(Task description) Without including any pictures, return the records below exactly as written.

(Source data)
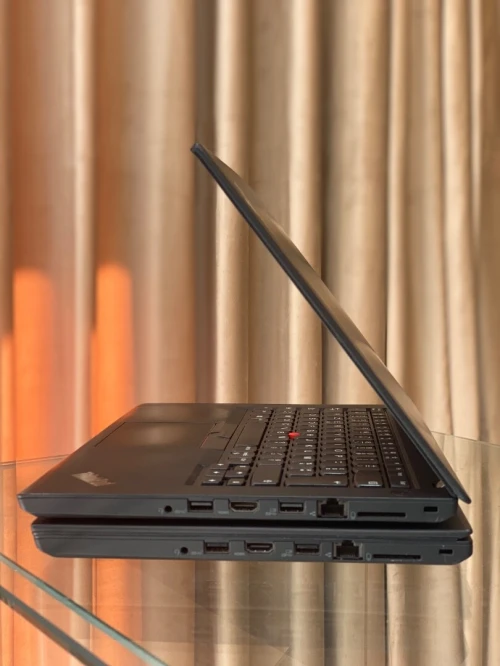 LENOVO THINKPAD A485 RYZEN 5PRO 2500U 8GB 256GB 14" FHD 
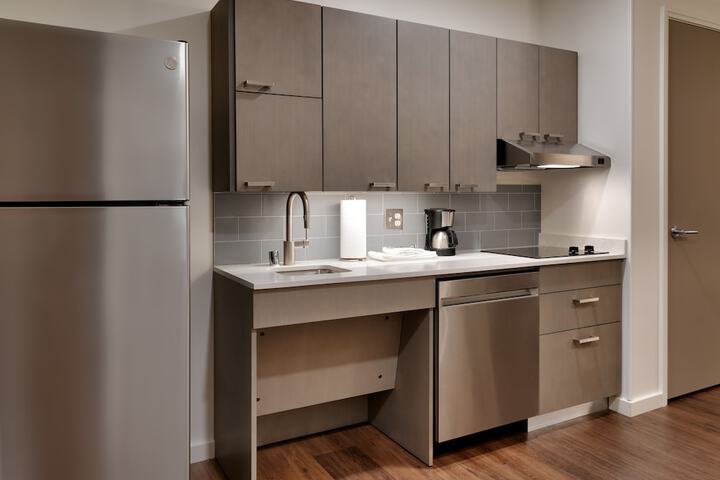 Hyatt House Rochester / Mayo Clinic Area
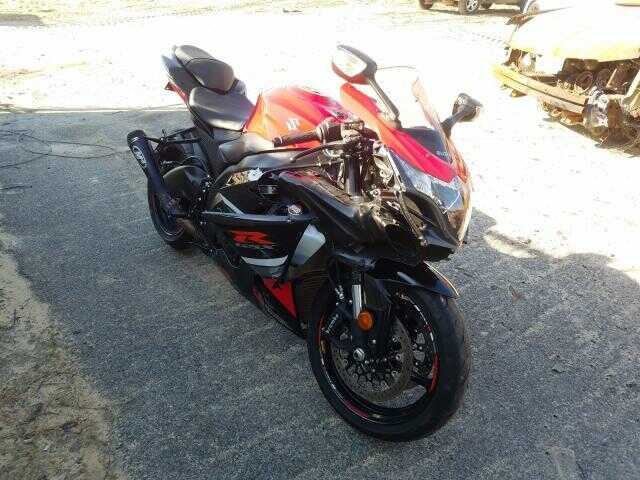 Suzuki GSX-R1000L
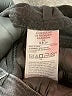 Gap Black Jeans Size 24 waist - photo 5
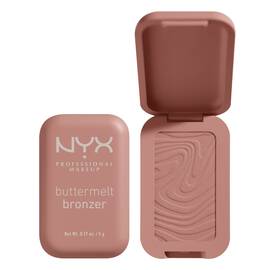 Buttermelt Bronzer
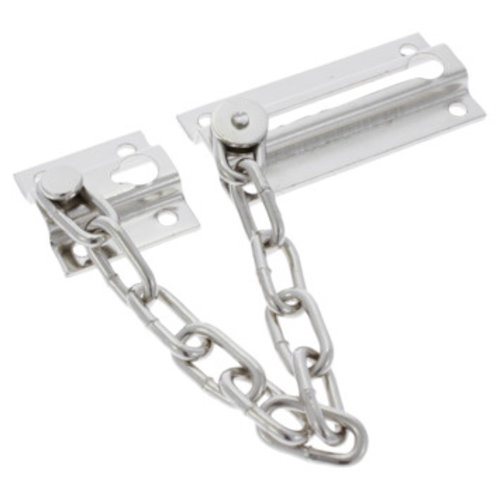 gamma Gamma deurketting nikkel gamma Gamma deurketting nikkel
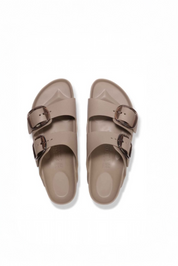 כפכפי בירקנשטוק דגם מדריד אבזם EVE טיופ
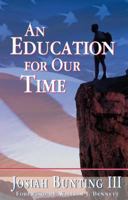 An Education for Our Time 0895263696 Book Cover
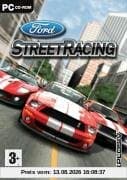 Ford Street Racing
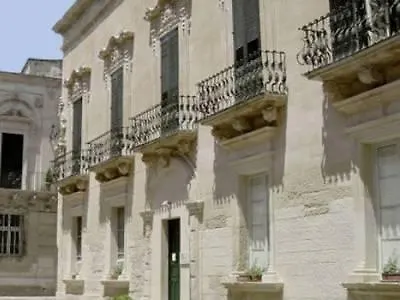 فندق Palazzo Gattini - The Leading Of The World ماتيرا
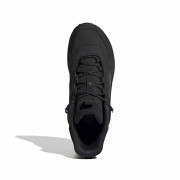 Мъжки туристически обувки Adidas Terrex Anylander Leather Mid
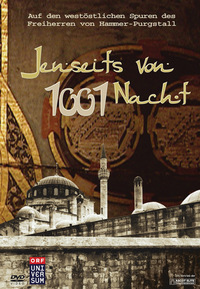 Jenseits von 1001 Nacht (DVD)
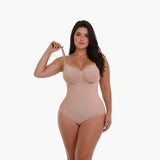 Deirdre - Figuur-Enhancing Dames Shapewear Bodysuit
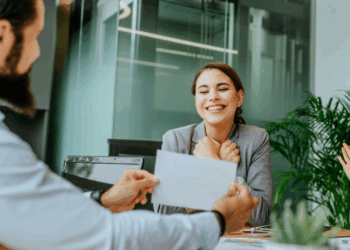 AI Is Collapsing The Corporate Pyramid — Experts Say This New Shape Is The Future Of Work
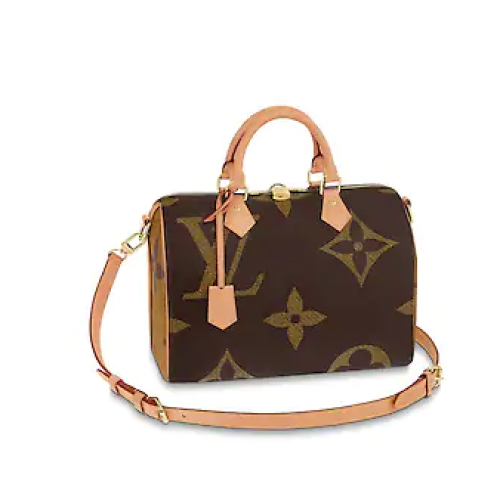 Louis Vuitton original SPEEDY BANDOULIERE 30 M44602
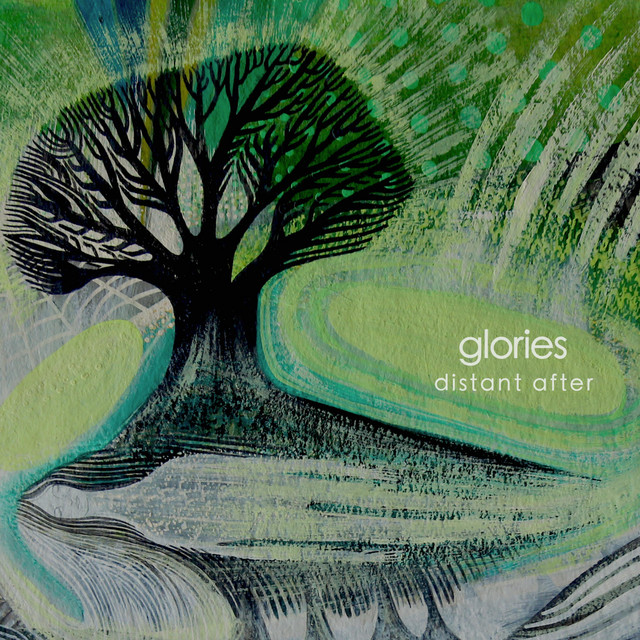Distant After cover art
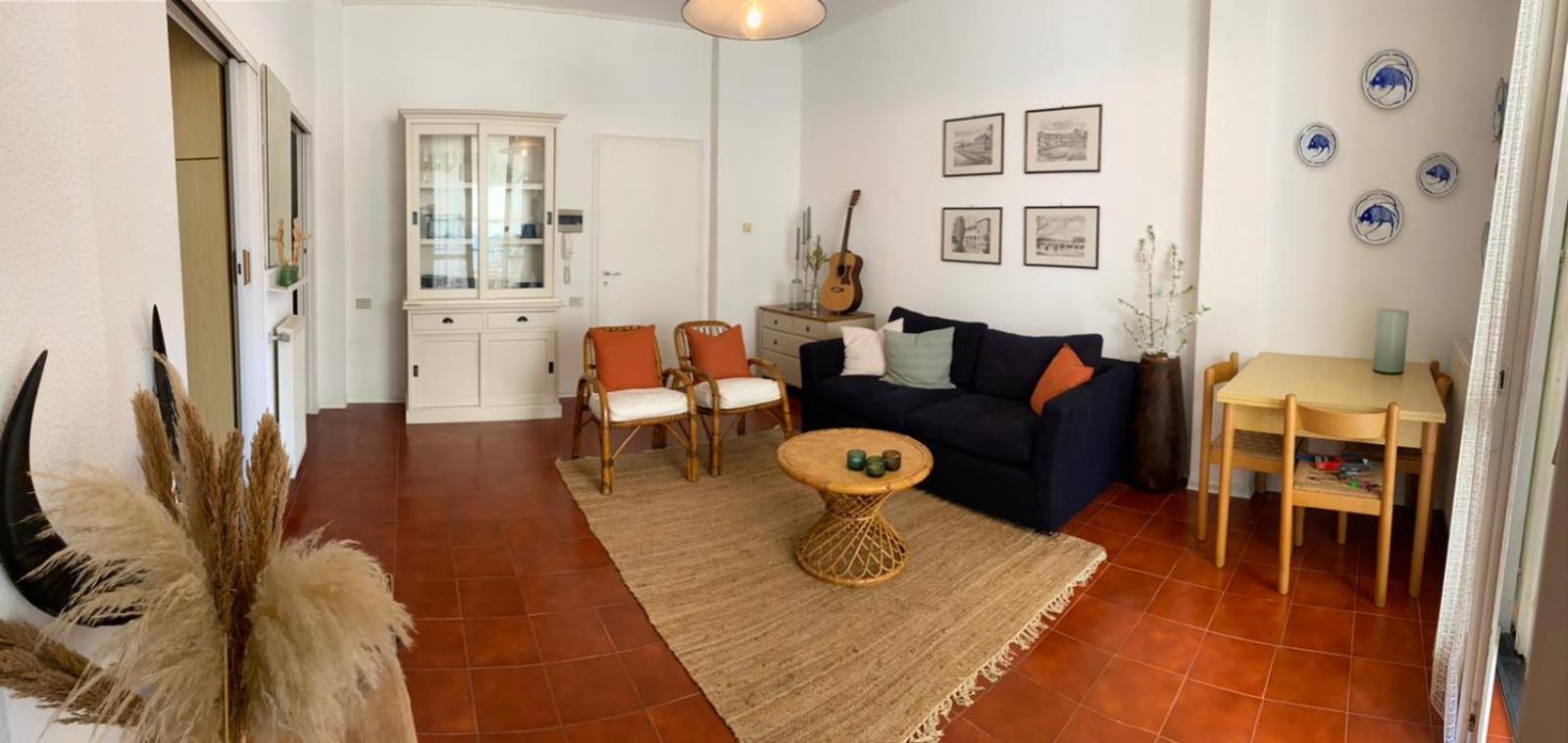 Residenza Mimosa *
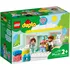 Stavebnice LEGO LEGO Duplo 10968 Návštěva doktora
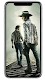 screenshot of Wallpaper For The Walking Dead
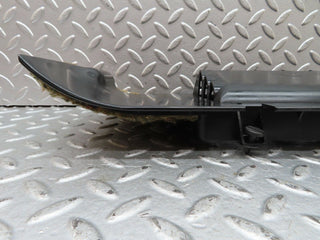 C140 under dash air vent left side used OEM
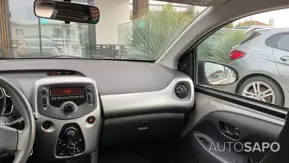 Citroen C1 1.0 VTi Feel de 2014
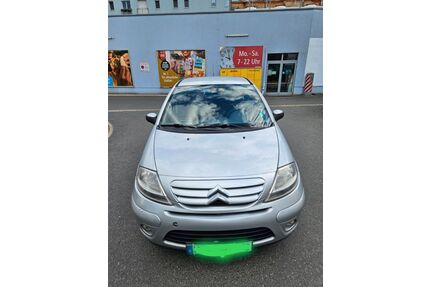 Citroen C3 Gebrauchtwagen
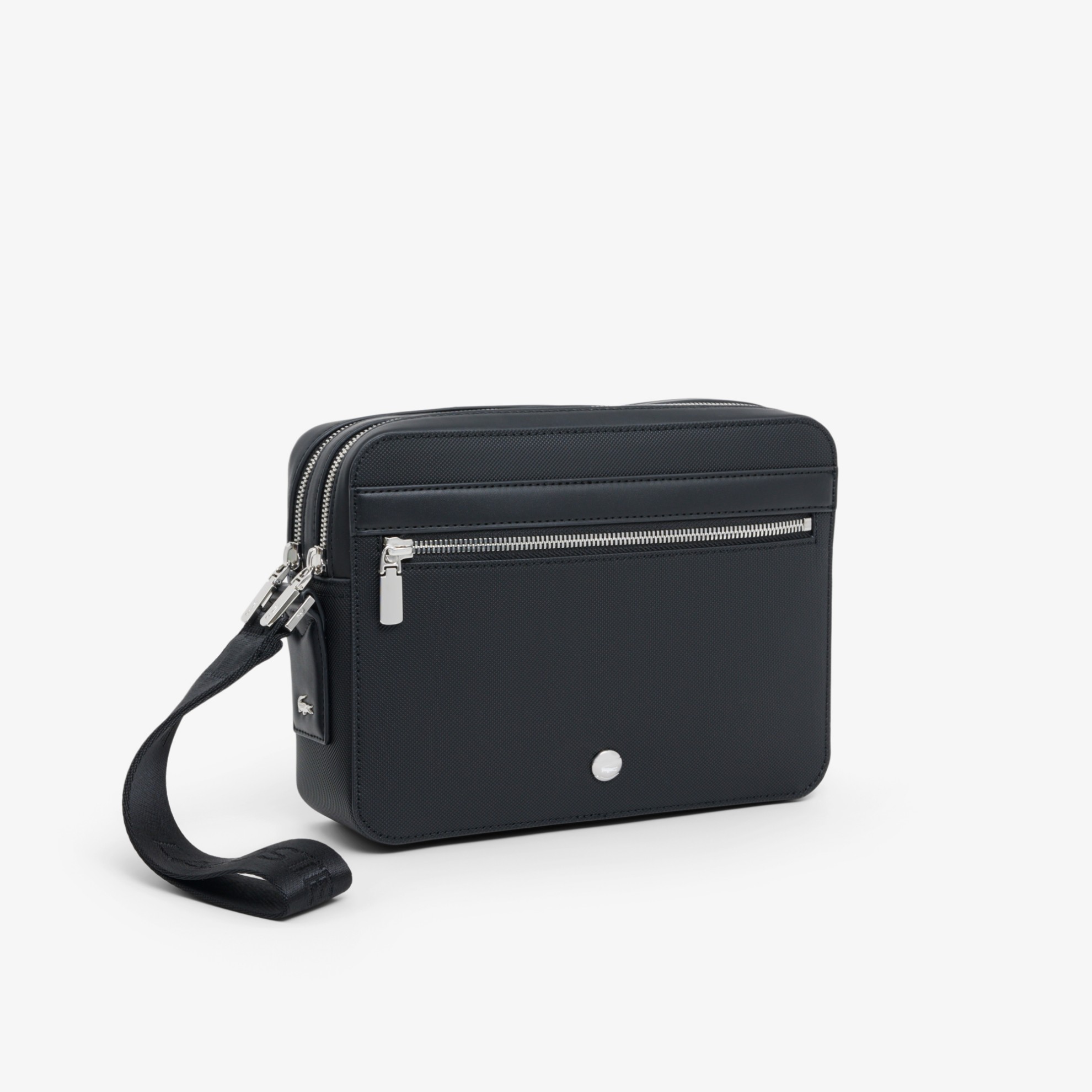 Εικόνα της Ανθρικό Langon Petit Piqué Clutch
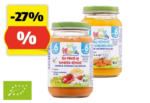 HOFER MAMIA BIO BIO-Menü, 190 g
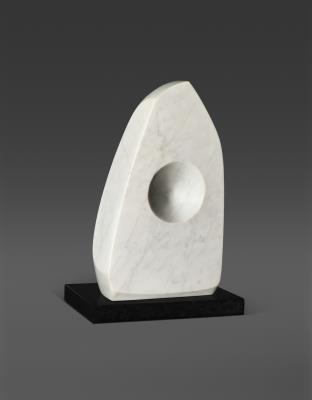 Solitary Form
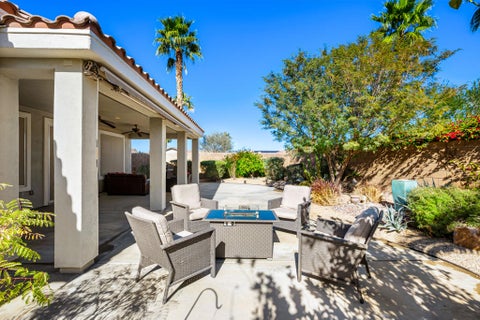 Tiny photo for 60108 Katie Circle, La Quinta, CA 92253 (MLS # 219152571DA)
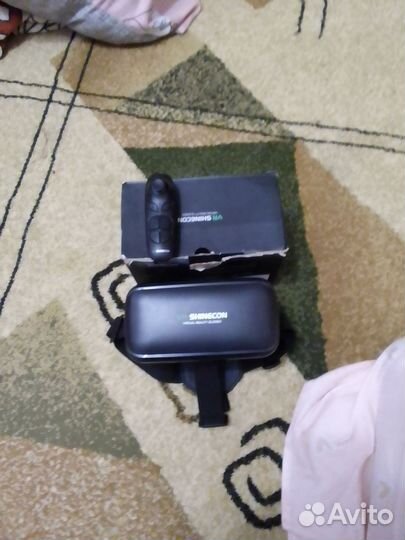 Vr очки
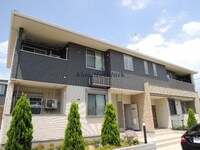 グレイスメゾンＤ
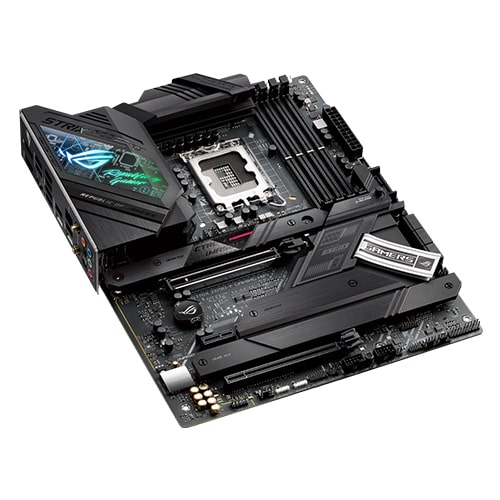 Asus ROG STRIX Z690-F GAMING WIFI DDR5 Intel Motherboard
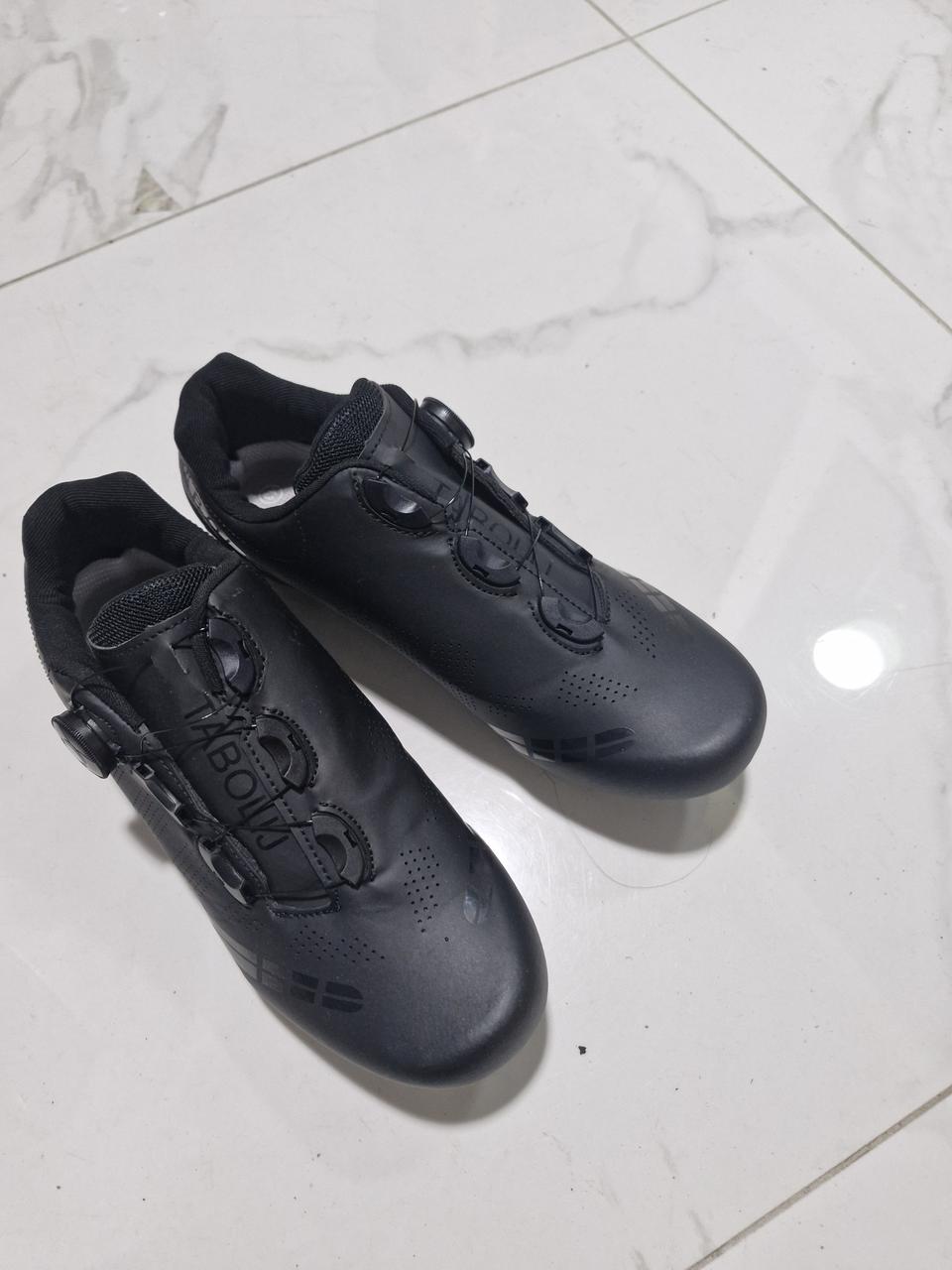 mtb클릿 슈즈 클릿겸용 패달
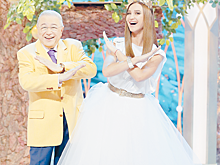 Веселее некуда: что посмотреть в новогоднюю ночь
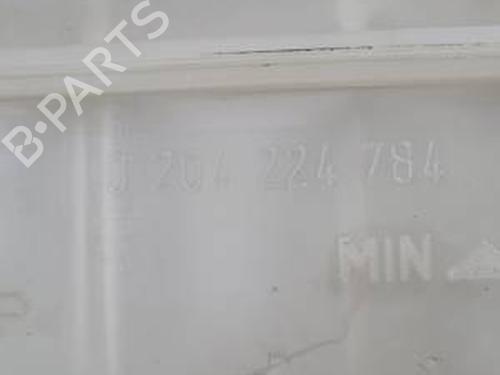 Hovedbremsecylinder PEUGEOT BOXER Van (244) 2.2 HDi | BP30525124M77 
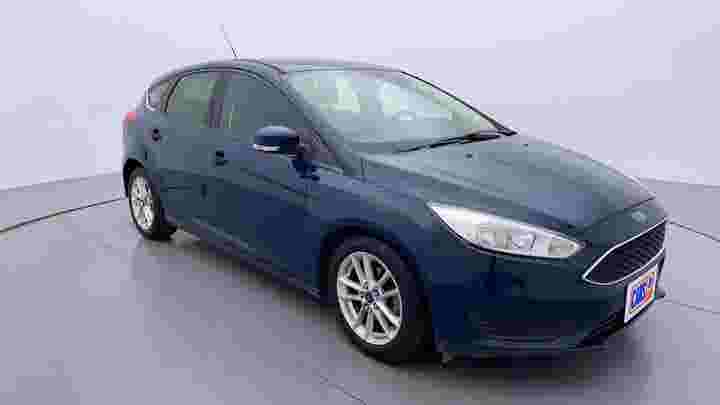 Used FORD FOCUS 2015 AMBIENTE Automatic, 123,450 km, Petrol Car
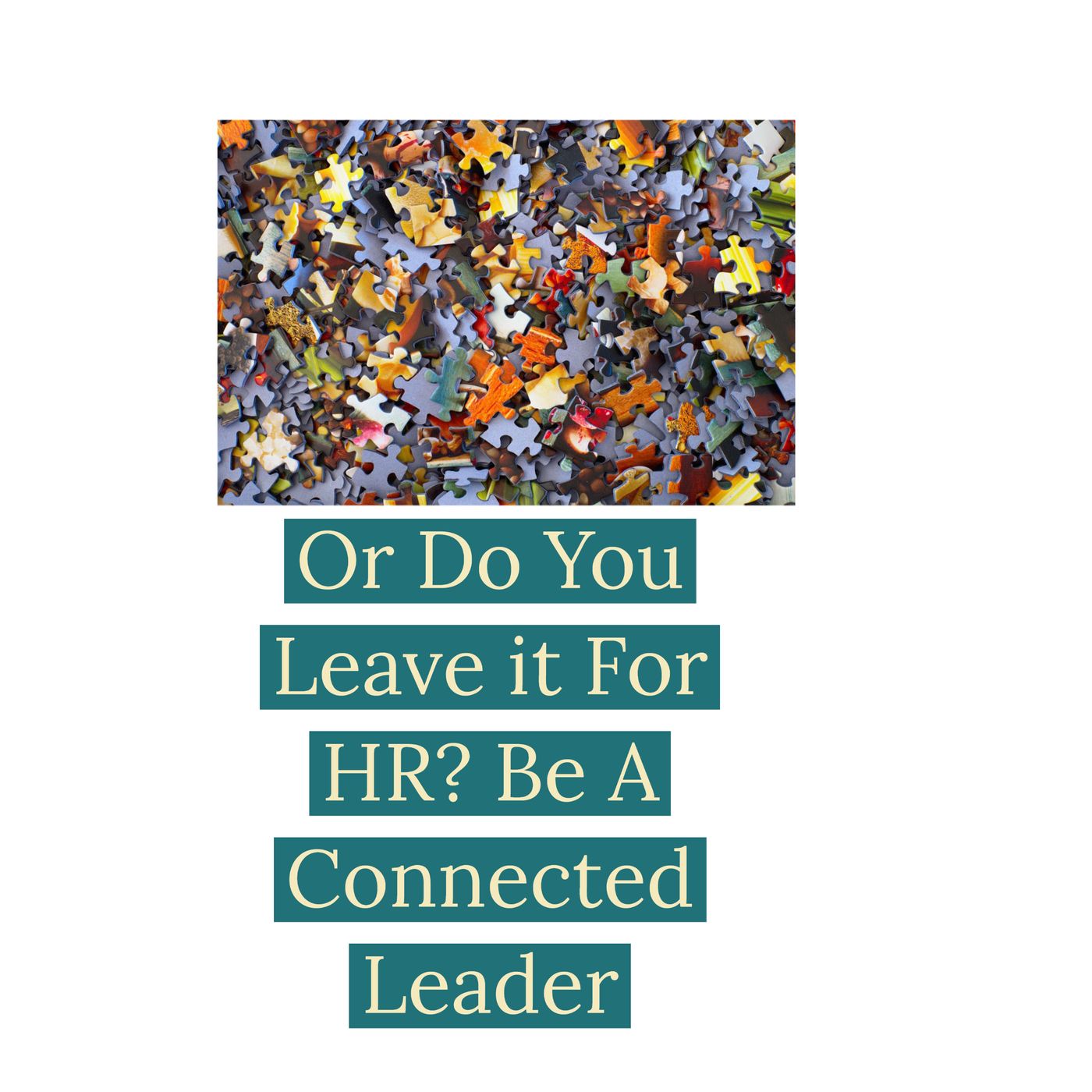 Through a Different Lens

(Task result)
 LENOVO THINKPAD A485 RYZEN 5PRO 2500U 8GB 256GB 14" FHD 
 Hyatt House Rochester / Mayo Clinic Area
 Suzuki GSX-R1000L
 Gap Black Jeans Size 24 waist - photo 5
 Buttermelt Bronzer
 gamma Gamma deurketting nikkel gamma Gamma deurketting nikkel
 כפכפי בירקנשטוק דגם מדריד אבזם EVE טיופ
 An Education for Our Time 0895263696 Book Cover
 Ford Street Racing
 فندق Palazzo Gattini - The Leading Of The World ماتيرا
 Мъжки туристически обувки Adidas Terrex Anylander Leather Mid
 Jenseits von 1001 Nacht (DVD)
 Deirdre - Figuur-Enhancing Dames Shapewear Bodysuit
 AI Is Collapsing The Corporate Pyramid — Experts Say This New Shape Is The Future Of Work
 Louis Vuitton original SPEEDY BANDOULIERE 30 M44602
Distant After cover art
 Residenza Mimosa *
 Stavebnice LEGO LEGO Duplo 10968 Návštěva doktora
 screenshot of Wallpaper For The Walking Dead
 C140 under dash air vent left side used OEM
 Citroen C1 1.0 VTi Feel de 2014
 Citroen C3 Gebrauchtwagen
 Εικόνα της Ανθρικό Langon Petit Piqué Clutch
 HOFER MAMIA BIO BIO-Menü, 190 g
 Solitary Form
 Tiny photo for 60108 Katie Circle, La Quinta, CA 92253 (MLS # 219152571DA)
 Vr очки
 グレイスメゾンＤ
 Asus ROG STRIX Z690-F GAMING WIFI DDR5 Intel Motherboard
 mtb클릿 슈즈 클릿겸용 패달
 Веселее некуда: что посмотреть в новогоднюю ночь
 Hovedbremsecylinder PEUGEOT BOXER Van (244) 2.2 HDi | BP30525124M77 
 Used FORD FOCUS 2015 AMBIENTE Automatic, 123,450 km, Petrol Car
 Through a Different Lens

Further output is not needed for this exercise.